Five British athletes, include the Tour de France winning cyclists Chris Froome and Bradley Wiggins, are among the latest batch of names alleged by a group of Russian hackersto have taken banned substances for which they had received a therapeutic use exemption (TUE).
Late on Wednesday night the cyber-espionage website Fancy Bears published documents it obtained from illegally hacking into the World Anti-Doping Agency’s database that also included 10 American athletes, among them the gold-medal winner shot putter Michelle Carter, as well as five Germans, a Russian and a Danish athlete.

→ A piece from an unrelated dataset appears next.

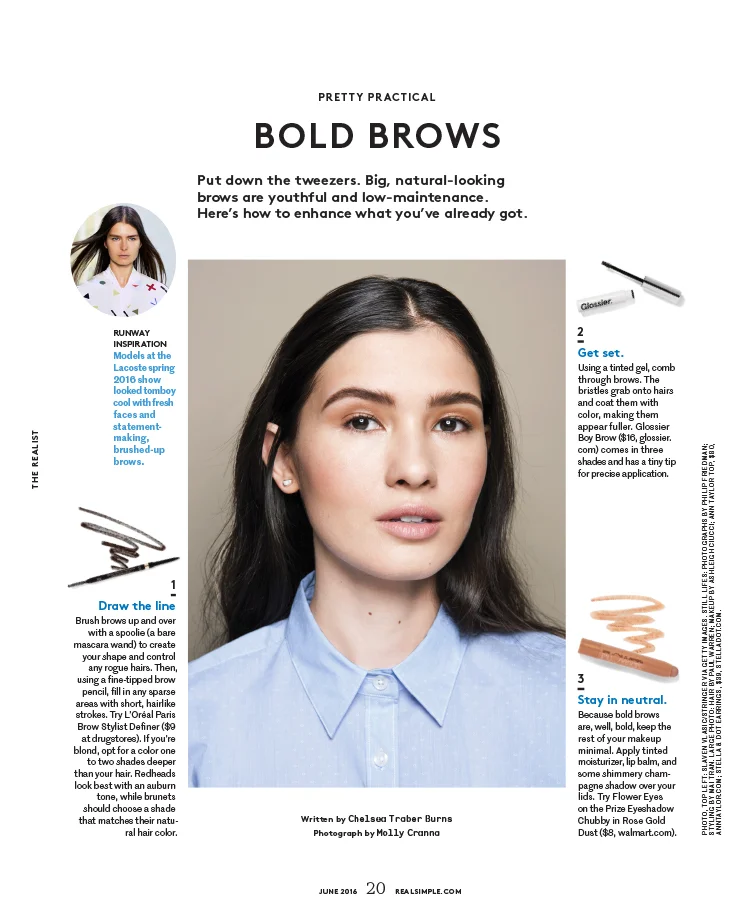 Real Simple beauty story about how to style natural brows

On Tuesday it leaked the personal files of several top American athletes, including the tennis stars Serena and Venus Williams and the gymnast Simone Biles, and promised that it would soon publish “sensational proof” of famous athletes taking doping substances.
The latest batch of documents suggest that Froome had a TUE for prednisolone, which is used to treat a variety of inflammatory and autoimmune conditions, for five days in May 2013 at the Critérium du Dauphiné and seven days in April 2014 during the Tour of Romandie. The latter TUE has been widely reported but the 2013 Dauphiné, which Froome won, has not been. In both cases the TUE was approved by the International Cycling Union’s Mario Zorzoli. Wiggins, meanwhile, is claimed to have had a number of TUEs for salbutamol – a medication that opens up the medium and large airways in the lungs – dating back to June 2008, as well as the asthma medications formoterol and budesonide. Triamcinolone acetonide, given because of Wiggins’ lifelong allergy to pollen, was also approved by Zorzoli.

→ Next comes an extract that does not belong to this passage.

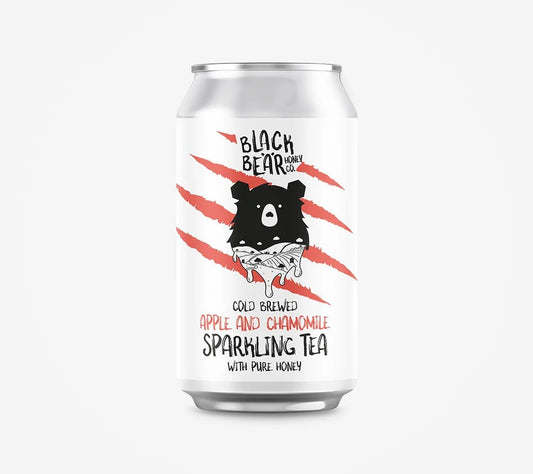 Can of Black Bear Honey Co. cold brewed sparkling tea with a bear illustration on a white background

The British golfer Charley Hull was alleged to have been given a TUE for salbutamol while Heather Fisher, who has competed in both the bobsleigh and rugby union, had TUEs for the drugs methylprednisolone, triamcinolone and dexamethasone. The British Olympic rower Sam Townsend was also claimed to have been allowed a TUE for asthma medication.
There is no suggestion that any of the athletes named has done anything wrong but the documents will inevitably raise further questions about the use of such drugs and TUEs to improve sports performance in the coming days.

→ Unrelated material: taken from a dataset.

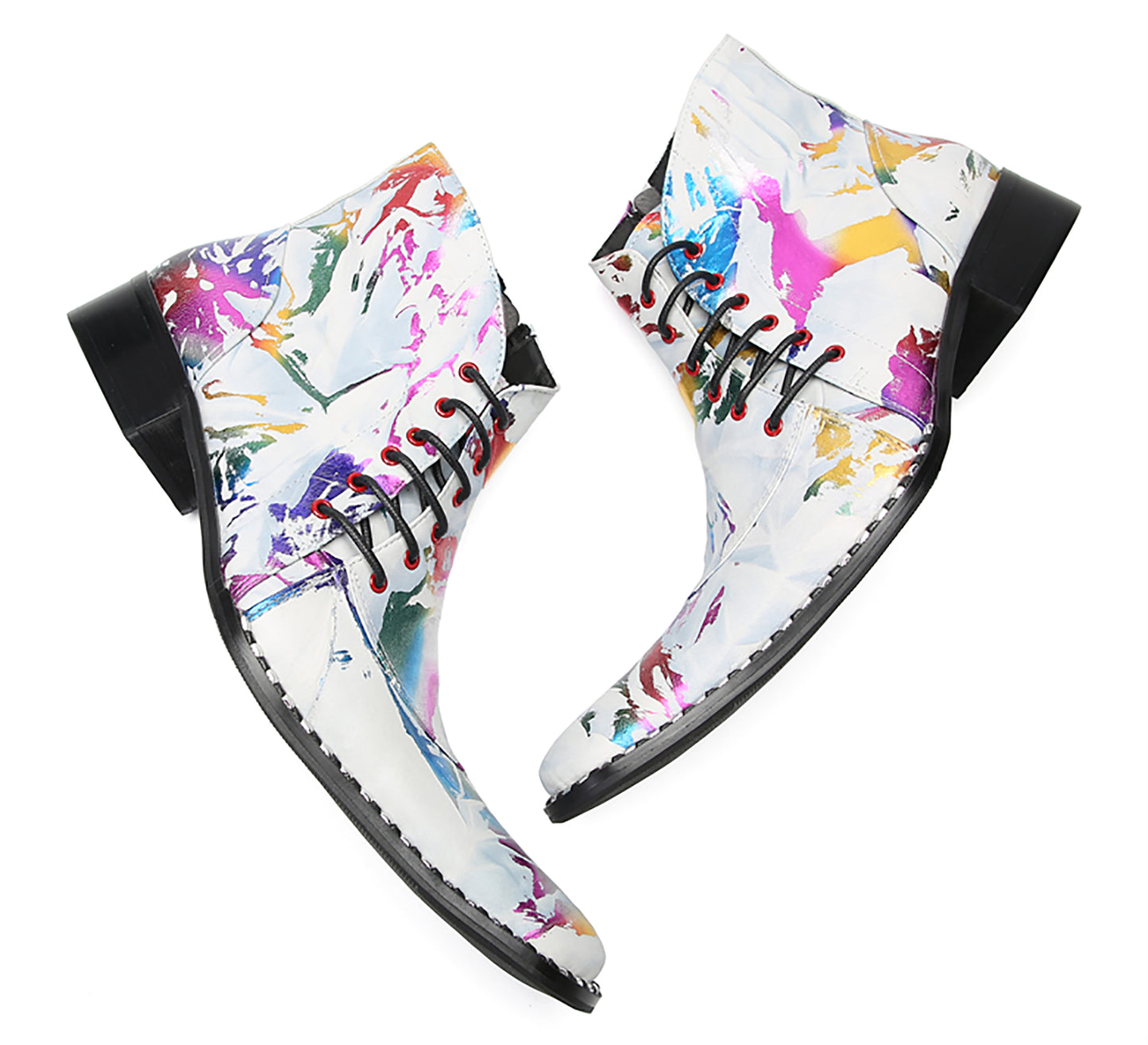 Mens Genunie Leather Dress Slanted Shoelaces Graffiti Oxfords Boots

In response to the earlier Fancy Bears leak Wada admitted that the hackers had gained access to its Anti-Doping Administration and Management System (Adams) database via a phishing attack using an International Olympic Committee created account for the Rio 2016 Games. Its director general, Olivier Niggli, insisted he “deeply regretted” the violation and was “very conscious of the threat that it represents to athletes whose confidential information has been divulged through this criminal act”.